BRIEF - Copy all data exactly. Skip pictures.

AVAILABLE DATA -
_ _ _ _

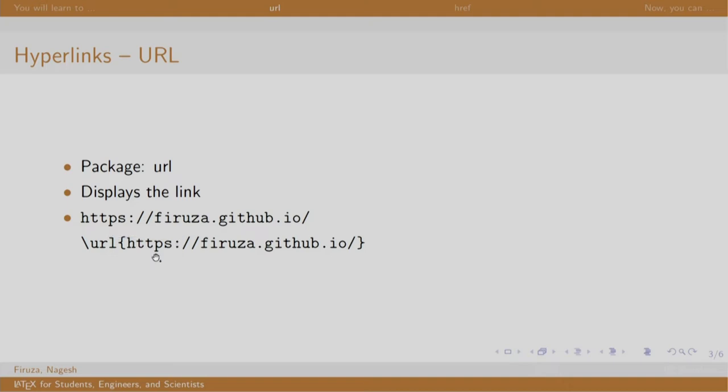This comes very handy when you want to display some links, email addresses, websites, or blogs in your document.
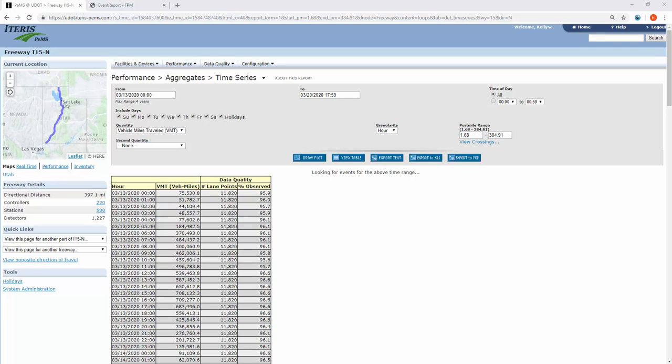This defaults to the time series report. But if you'll notice, the quantities options here do not include speed or flow. So if you go up to performance,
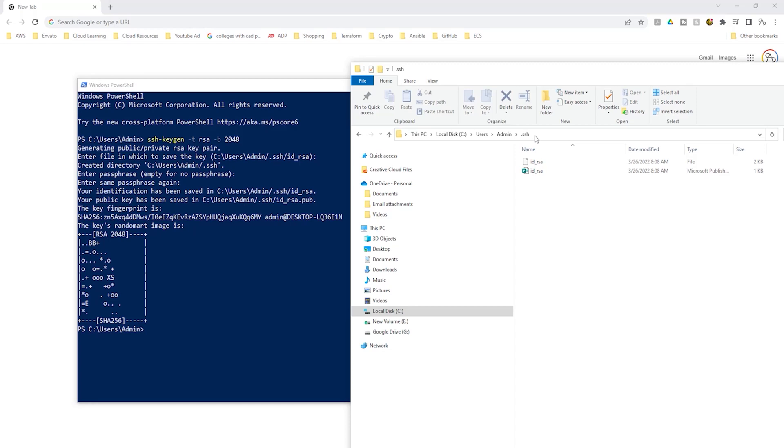Hello and welcome back to another lecture. In this lecture, we will upload our key pair into GitHub.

_ _ _ _

RESPONSE TO THE EXERCISE -
This comes very handy when you want to display some links, email addresses, websites, or blogs in your document.
This defaults to the time series report. But if you'll notice, the quantities options here do not include speed or flow. So if you go up to performance,
Hello and welcome back to another lecture. In this lecture, we will upload our key pair into GitHub.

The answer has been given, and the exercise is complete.